From the Editor: “Keep Those Ideas Coming!”
Provost Lisa Makes the Case for Senate Committees
—David Waldstreicher, Faculty Herald Editor
University committee work is always a hard sell, even in the best of times. And under a merit pay system that is organized, rightly, by department and college, and which privileges scholarship over service, Senate committee work is not exactly “incentivized” at Temple.
This is why Provost Lisa Staiano-Coico’s case for the importance of the Faculty Senate and its committees deserves special attention.
The Provost has made it clear that she believes service is “meritable”: deans and department merit committees need to get the word. More importantly, at the Nov. 18th Representative Senate meeting, the Provost made the best possible case for the current and future – not past—effectiveness of University Senate through its committees.
Four new initiatives from the Provost’s office, she noted, came directly out of recommendations made by Senate committees:
1. The Provost chose to take the recommendations of the Honors Oversight Committee to expand the current Honors program and set up a system of faculty fellows. (Ruth Ost, director of the Honors Program, will describe these plans in our next issue.)

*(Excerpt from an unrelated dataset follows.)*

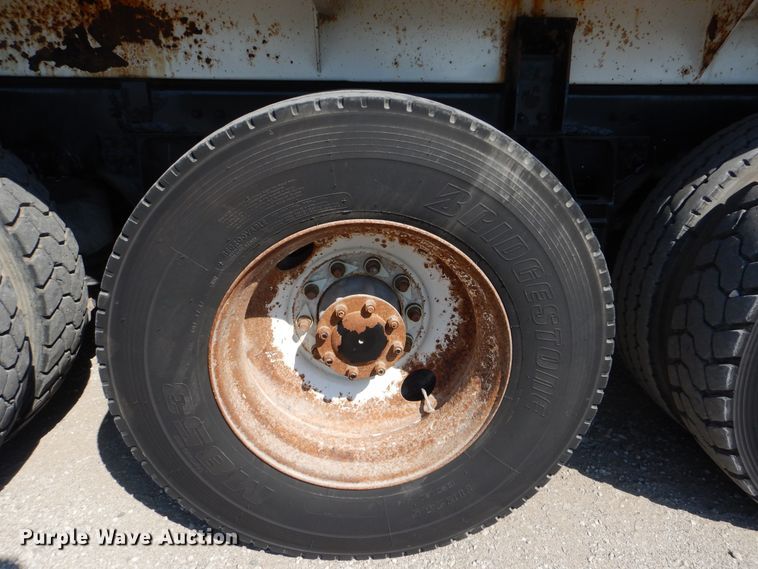 image for item GM9089 2012 Kenworth T800  vacuum excavation truck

2. The Community-Based Learning initiative, headed by Eli Goldblatt, which is already well under way – and discussed in Eli’s article in this issue of the Faculty Herald.
3. The creation in July 2009 of the Academic Center for Research on Diversity (ACCORD) came out of recommendations from the Committee on the Status of Faculty of Color.

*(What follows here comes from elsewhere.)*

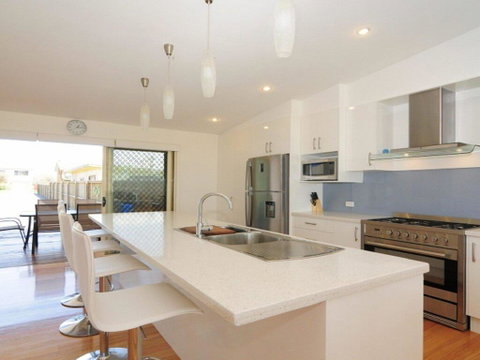 Pacific Views - Direct Access Onto Culburra Beach - Darwin Tourism 3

4. The development of the CARE team – an administrative, faculty and professional working group which, according to its website, “receives referrals pertaining to students of concern, collects additional information, and then identifies and enacts appropriate strategies for addressing the situation.” See Betsy Leebron-Tutelman's description in this issue.
The message is clear. The Senate is a workshop for ideas; it helps focus issues that lead to programmatic change. When the Provost ended her presentation by saying “Keep those ideas coming!” – in the best and most literal sense, the most truly intellectual appeal I’ve heard an administrator make – she wasn’t talking about an electronic suggestion box or even advancing our research. She was talking about the good (and to be blunt, funded) ideas coming out of Senate committees.

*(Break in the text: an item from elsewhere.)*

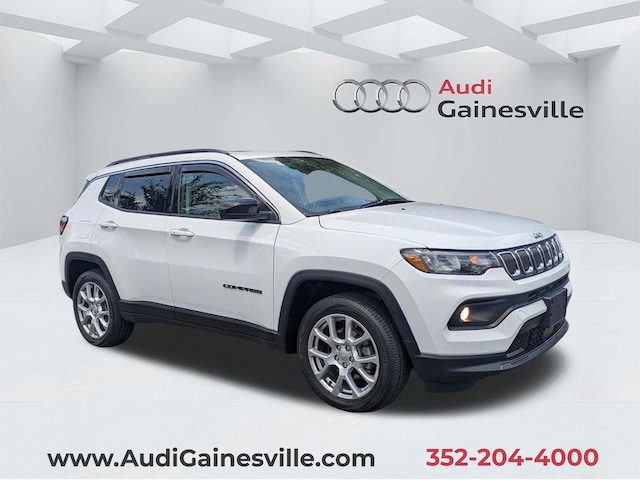 Photo of 2022 Jeep Compass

Currently the Senate is considering a change to its by-laws in order to prevent quorum calls like those that prevented the Senate from passing a resolution last year. Whatever the results of the hard work of the Senate to devise a satisfactory solution, the faculty might consider an analogy. In the U.S. Congress, much of the power resides less in legislation than in the committees that not only frame resolutions but also frame agendas and advise the executive branch.
Senate committees are not just for senators. The 104 current representative senators could not fill all the committee slots even if they wished to do so. Serving on a Senate committee is at present the most effective way to get involved beyond one’s college – and perhaps, also, the best way for faculty, individually and collectively, to influence the future of the university.